Wann hört diese Schleimerei endlich auf!Was die Vertrieben wollen ist für unsere korreten Politiker vollständig unwichtig.Was wäre los wenn einer unsere alles wissenden Politiker sich in Polen einmischen würden, aber das werden wir auf dieser schönen Welt nicht erleben.

 

Benedict B. aus Westfalen

Dienstag, 17-11-09 14:33

Die deutsch-polnische Aussöhnung ist natürlich eine tolle und wichtige Sache, aber ich frage mich in letzter Zeit schon des öfteren, was denn nun konkret daran so bedeutend ist, daß diese diffuse und einseitige Verständigung mit ~38 Mio. Ausländern über das Gedenken an das Leid von 14-16 Mio. Landsleuten stellt.

 

F. F. aus NRW

Dienstag, 17-11-09 13:14

Ich wette jetzt und hier, daß Frau Steinbach nicht in den Rat berufen wird !!!!
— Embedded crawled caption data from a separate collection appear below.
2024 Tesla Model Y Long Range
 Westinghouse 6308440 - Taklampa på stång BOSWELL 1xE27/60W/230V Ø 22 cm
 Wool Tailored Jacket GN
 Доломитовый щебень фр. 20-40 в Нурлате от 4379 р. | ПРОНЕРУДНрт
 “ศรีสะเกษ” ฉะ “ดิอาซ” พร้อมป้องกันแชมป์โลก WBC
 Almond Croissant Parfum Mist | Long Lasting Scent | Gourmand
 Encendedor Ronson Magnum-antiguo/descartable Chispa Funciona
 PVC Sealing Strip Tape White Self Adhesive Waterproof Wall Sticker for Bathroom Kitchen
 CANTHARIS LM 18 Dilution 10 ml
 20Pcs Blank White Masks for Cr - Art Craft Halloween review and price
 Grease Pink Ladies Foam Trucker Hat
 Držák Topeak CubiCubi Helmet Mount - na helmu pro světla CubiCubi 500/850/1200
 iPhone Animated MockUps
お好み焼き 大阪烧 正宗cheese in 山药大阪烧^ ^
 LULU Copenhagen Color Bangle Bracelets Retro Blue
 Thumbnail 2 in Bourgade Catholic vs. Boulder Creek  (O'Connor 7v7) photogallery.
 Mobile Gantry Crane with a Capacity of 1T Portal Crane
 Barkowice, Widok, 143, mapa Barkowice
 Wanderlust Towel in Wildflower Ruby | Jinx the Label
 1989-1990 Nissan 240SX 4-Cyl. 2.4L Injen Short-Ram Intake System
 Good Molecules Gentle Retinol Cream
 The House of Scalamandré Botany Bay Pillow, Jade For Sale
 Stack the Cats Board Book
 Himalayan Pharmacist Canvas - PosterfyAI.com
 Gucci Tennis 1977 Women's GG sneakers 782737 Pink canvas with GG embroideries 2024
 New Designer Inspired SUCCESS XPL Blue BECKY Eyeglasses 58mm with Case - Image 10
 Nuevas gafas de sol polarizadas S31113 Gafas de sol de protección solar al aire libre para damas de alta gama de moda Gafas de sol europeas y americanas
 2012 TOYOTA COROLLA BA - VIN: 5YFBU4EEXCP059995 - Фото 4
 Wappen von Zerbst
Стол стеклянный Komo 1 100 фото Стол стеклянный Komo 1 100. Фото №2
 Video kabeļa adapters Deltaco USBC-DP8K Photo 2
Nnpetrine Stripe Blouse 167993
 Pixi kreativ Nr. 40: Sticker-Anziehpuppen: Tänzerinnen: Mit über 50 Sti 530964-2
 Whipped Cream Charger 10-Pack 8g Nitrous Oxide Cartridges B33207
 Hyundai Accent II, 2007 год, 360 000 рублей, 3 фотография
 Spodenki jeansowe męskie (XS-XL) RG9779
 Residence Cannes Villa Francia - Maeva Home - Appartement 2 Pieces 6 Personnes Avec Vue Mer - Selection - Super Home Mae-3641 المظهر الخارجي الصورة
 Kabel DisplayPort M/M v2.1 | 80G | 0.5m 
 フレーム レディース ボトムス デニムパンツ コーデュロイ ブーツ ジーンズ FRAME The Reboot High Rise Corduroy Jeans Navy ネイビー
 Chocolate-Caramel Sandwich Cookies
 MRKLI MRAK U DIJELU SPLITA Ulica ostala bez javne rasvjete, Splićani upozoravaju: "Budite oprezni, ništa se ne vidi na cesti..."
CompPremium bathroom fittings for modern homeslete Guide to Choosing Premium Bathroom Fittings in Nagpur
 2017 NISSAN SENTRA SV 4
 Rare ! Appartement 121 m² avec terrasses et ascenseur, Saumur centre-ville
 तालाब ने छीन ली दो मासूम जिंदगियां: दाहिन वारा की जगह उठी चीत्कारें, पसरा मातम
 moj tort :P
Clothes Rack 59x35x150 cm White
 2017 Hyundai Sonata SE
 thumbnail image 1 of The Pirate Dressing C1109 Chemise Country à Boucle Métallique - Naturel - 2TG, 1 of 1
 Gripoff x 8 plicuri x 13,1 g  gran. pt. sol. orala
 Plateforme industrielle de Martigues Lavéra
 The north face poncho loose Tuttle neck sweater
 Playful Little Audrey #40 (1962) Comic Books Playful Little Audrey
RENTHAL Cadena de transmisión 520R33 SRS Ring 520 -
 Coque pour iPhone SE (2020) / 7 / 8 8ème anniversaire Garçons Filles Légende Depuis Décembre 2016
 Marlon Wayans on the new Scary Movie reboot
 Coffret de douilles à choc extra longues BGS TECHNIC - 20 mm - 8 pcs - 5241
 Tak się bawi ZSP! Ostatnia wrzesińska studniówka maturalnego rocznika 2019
Wie lange wollen denn die "Konservativen" noch von der Christenunion und den eigentümlich Freien verarscht werden ??

 

Rainer Thesen aus Nürnberg

Dienstag, 17-11-09 12:24

Hoffentlich bleibt die CSU hart. Politiker wie Westerwelle und Brok verwechseln Diplomatie und Außenpolitik mit schleimen und kriechen.